The fallout will be far-reaching. The database translated abstract climate science into cold, hard dollars; dollars that amounted to billions in damages from storms, wildfires, floods, droughts, and heatwaves, many intensified by fossil fuel-driven warming. It also illuminated a widening gap between who causes the damage and who pays for it.
In 2024, Hurricanes Helene and Milton caused $113 billion in damage and claimed more than 250 lives. A separate, country-wide drought cost $5 billion and resulted in over 100 heat-related deaths. While fossil fuel companies posted record profits, the economic burden fell on taxpayers, local governments, and frontline communities.
Without this resource, communities lose a vital tool for proving harm and demanding accountability. Cities like Asheville, NC have used NOAA’s data to justify critical infrastructure investments, like rebuilding a dam that helped protect lives during Helene’s floods. Without that evidence, how do we justify similar resilience efforts? How do we make polluters pay?

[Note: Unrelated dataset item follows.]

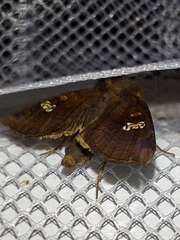 Amphipoea oculea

We’re facing an accelerating crisis. In just the past five years, billion-dollar disasters have averaged 23 per year — up from just three in the 1980s. And forecasts for 2025 suggest an unusually active hurricane season, with up to 19 named storms and at least five major hurricanes.
Despite mounting extreme weather threats, the Trump administration is forging ahead with drastic cuts to NOAA’s budget, slashing $1.5 billion primarily from climate-related programs. Critical National Park grants are being eliminated, top scientists behind the nation’s leading climate assessments are being forced out, and now the country’s most trusted system for tracking disaster costs is being dismantled.
If we can’t measure the problem, we can’t fix it. And that’s the point.
Protecting our communities starts with understanding the risks they face. That means investing in climate data infrastructure, pushing federal agencies and lawmakers to restore this essential resource, and ensuring that the industries driving climate change help pay for the damage they cause.
If your house is on fire, you don’t rip out the smoke detectors. The climate crisis is already here, and the costs are mounting whether we track them or not. Ending data collection doesn’t just hide the problem — it guarantees we’ll be less prepared for what comes next.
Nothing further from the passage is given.